## [Captioned web image data]
============================================================

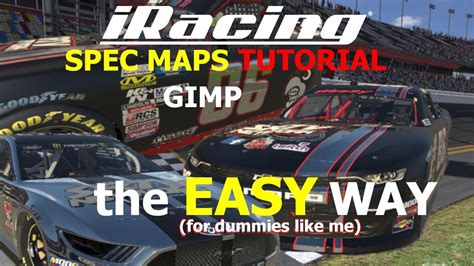 iRacing Spec Map Tutorial 的图像结果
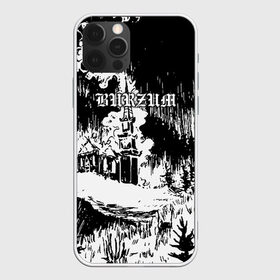 Чехол для iPhone 12 Pro Max с принтом Burzum в Рязани, Силикон |  | burz | burzum | byelobog | cymophane | darkthrone | deathlike silence | mayhem | misanthropy | old funeral | блэк метал | бурзум | бурзун | варг викернес | дарк эмбиент | метал | тьма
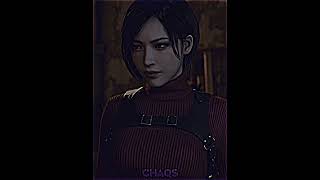 Ada Wong VS Jack Baker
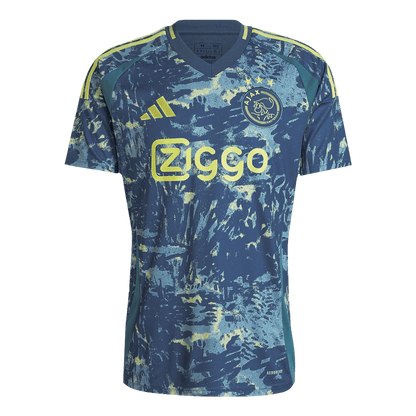 Ajax Away  Soccer Jersey 2024/25 Top Soccer Jerseys Store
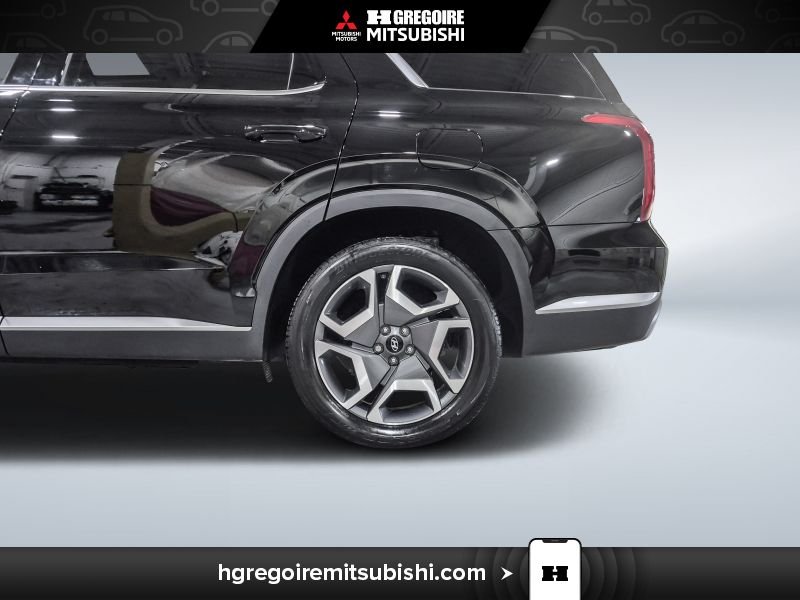 2024 Hyundai Palisade Black Blainville - photo #11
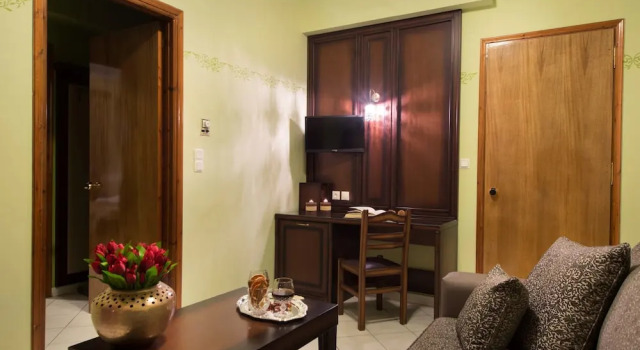 Hotel Kastraki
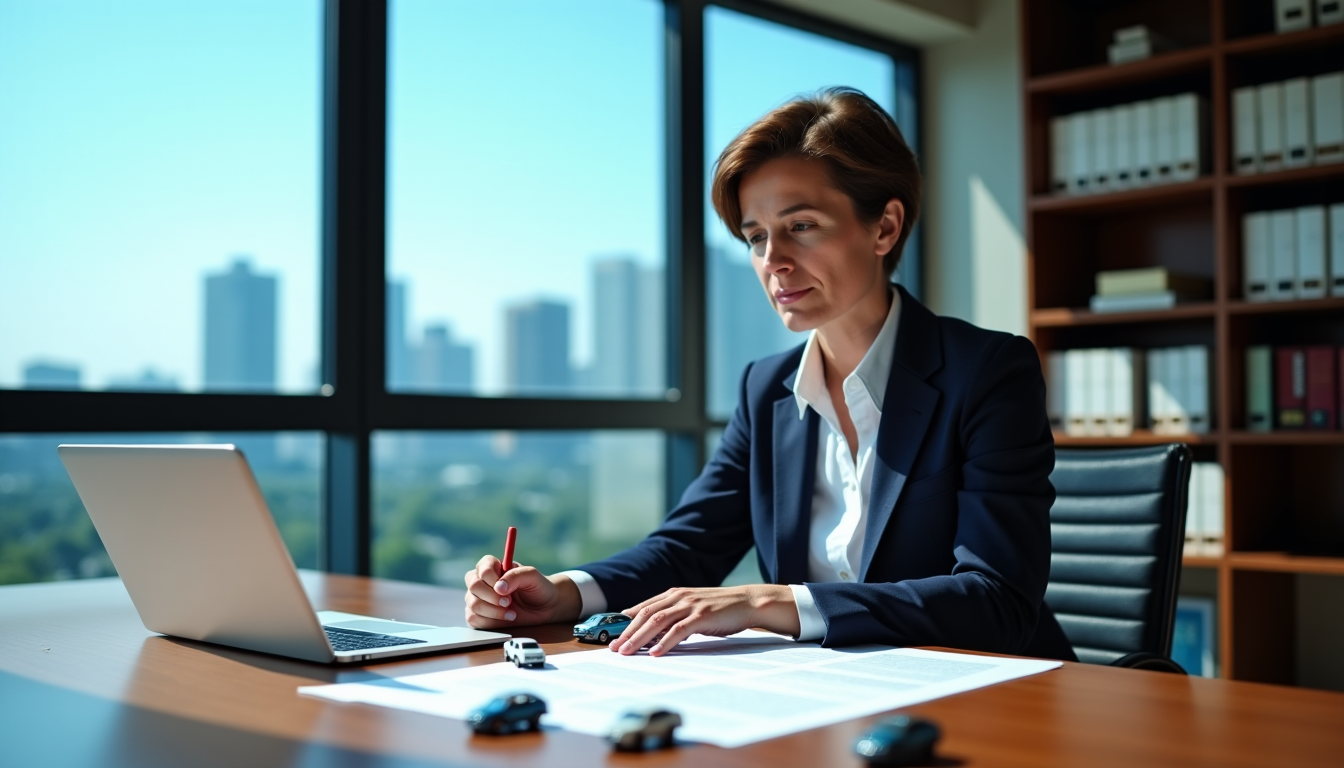 guide complet de l’assurance flotte automobile pour les pme et gestionnaires de parc. — chaque entreprise doit évaluer ses besoins réels en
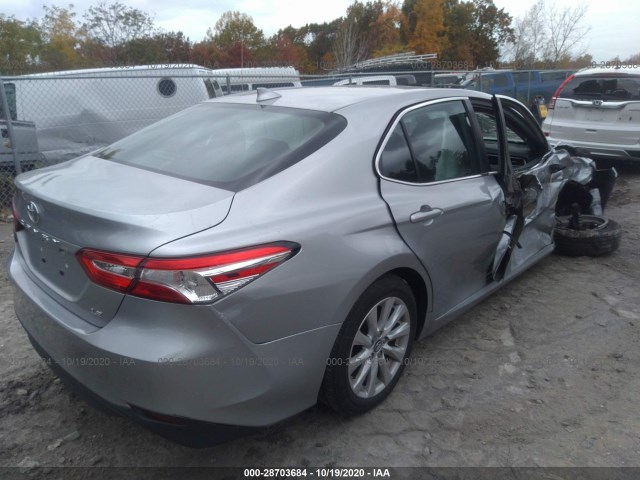 Photo 3 VIN: 4T1B11HK1KU266250 - TOYOTA CAMRY 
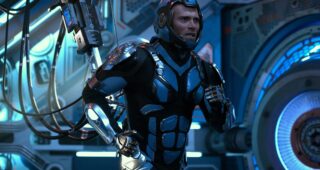 Pacific Rim : Uprising : photo, Scott Eastwood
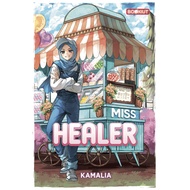 Bookiut - Miss Healer (2024) | novel bookiut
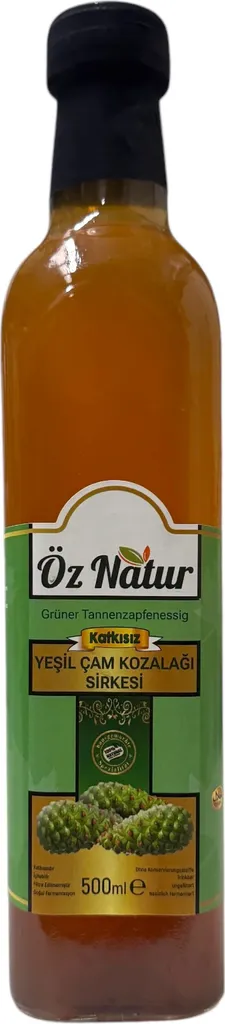 Öz Natur | Pine Cone Vinegar 500ml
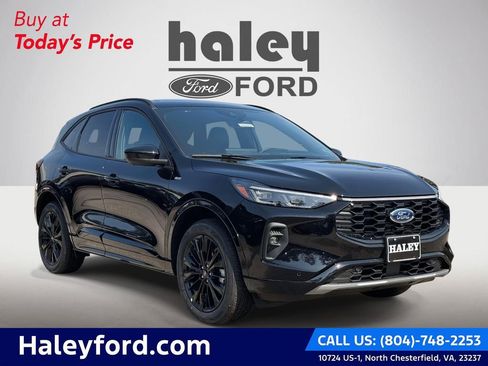 New 2026 Ford Escape ST-Line Elite w/ Premium Technology Package AWD/4WD image 1
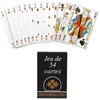Image de Jeu De Carte Sous Etui Carton - Jeu De 54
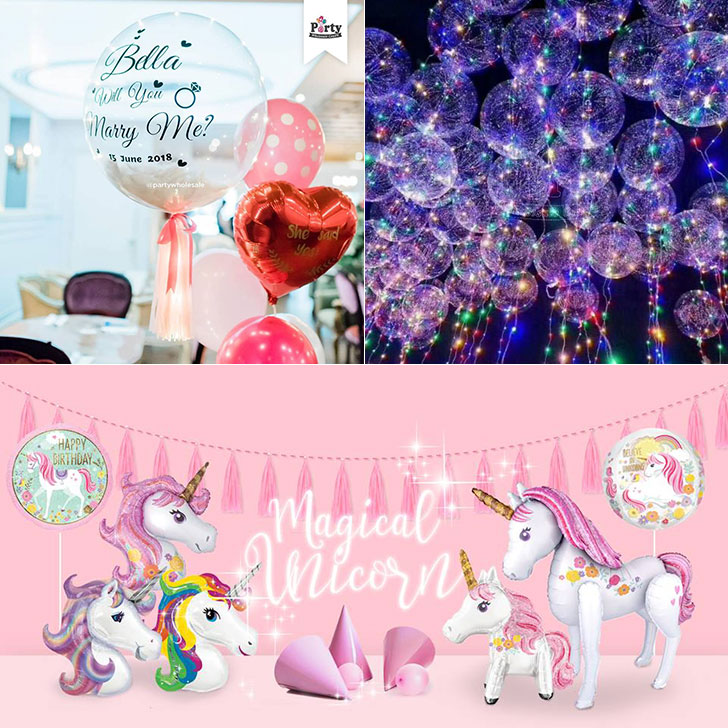 The 5 Best Online Stores for Party Supplies in Singapore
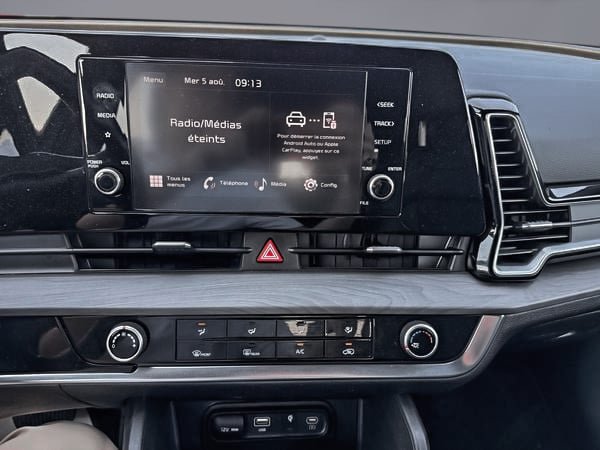 Kia Sportage X-LINE AWD 2023-20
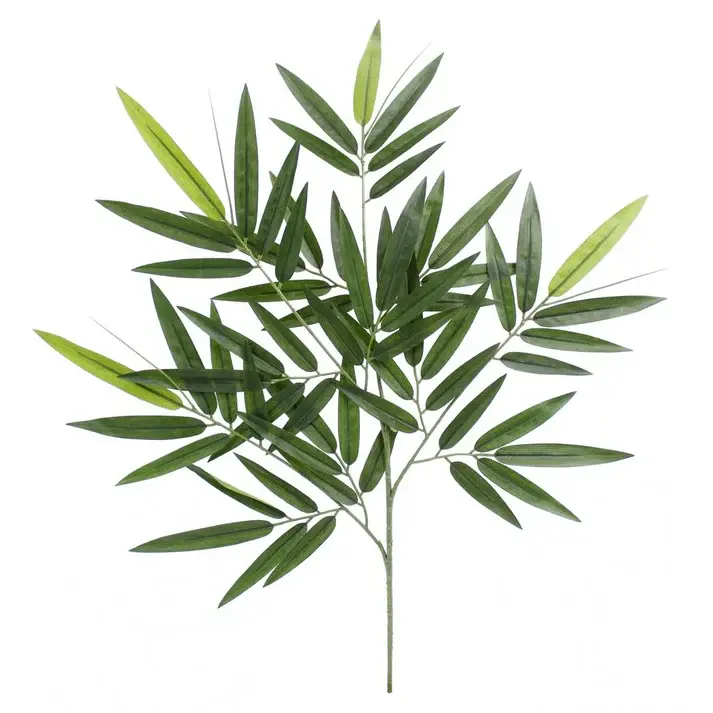 Plantes Suspendues Artificielles BAMBOU lot 12pcs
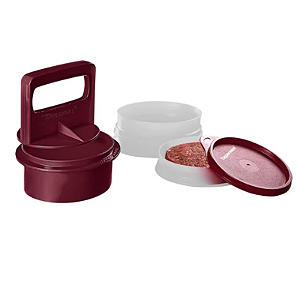 Tupperware Burguer Express Marsala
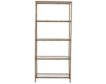 Ashley Ryandale Brass Bookcase small image number 1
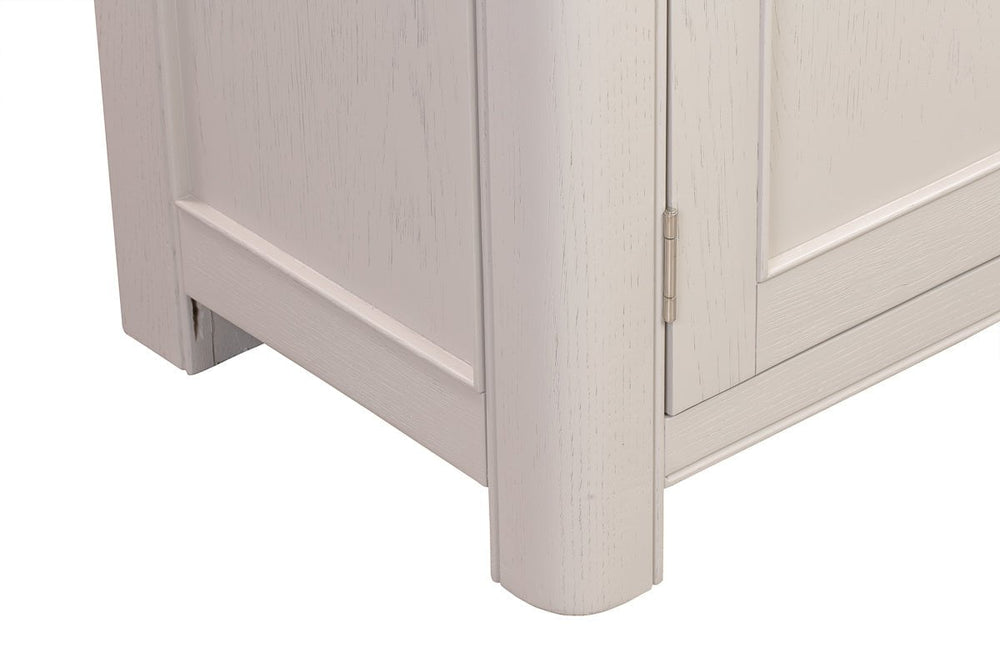 Your Home Style Sideboard Chatterton Painted 3 Door Sideboard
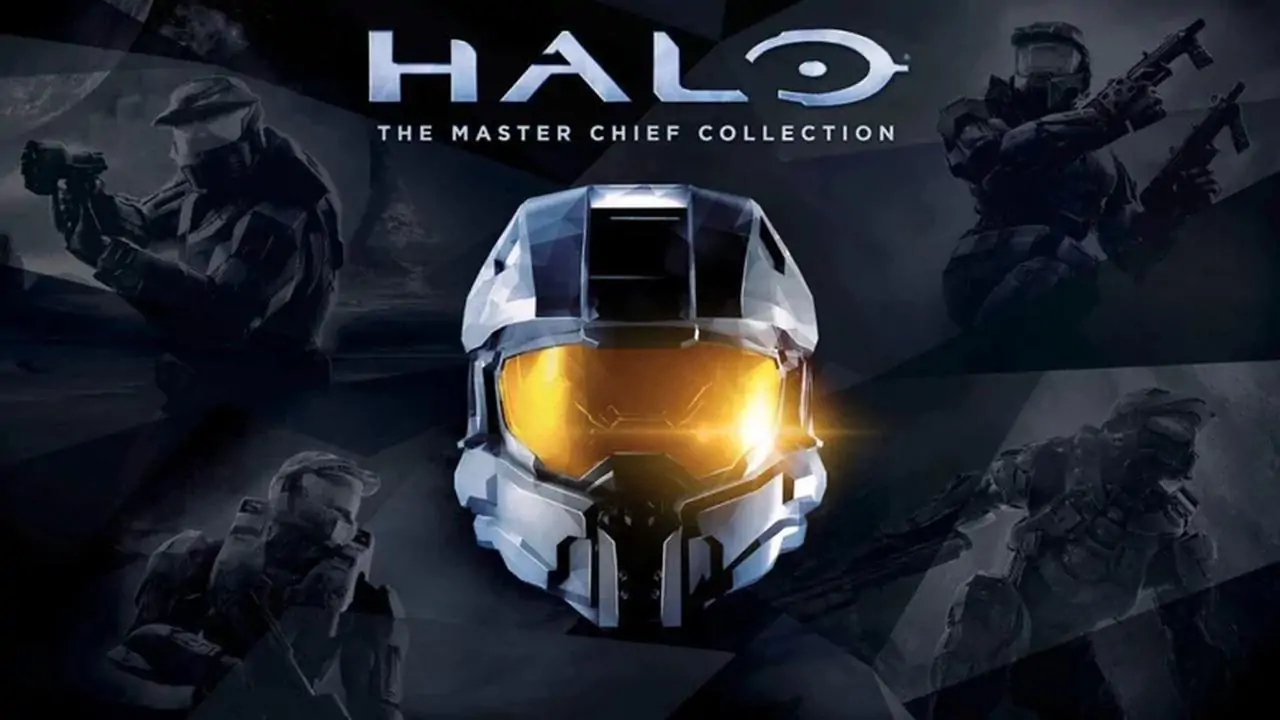 Halo MCC - midnight.software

============================================================

Each line from the one with "Your Home Style" through the end of the entries should be reproduced exactly. Leave out the pictures.

 Your Home Style Sideboard Chatterton Painted 3 Door Sideboard
 Halo MCC - midnight.software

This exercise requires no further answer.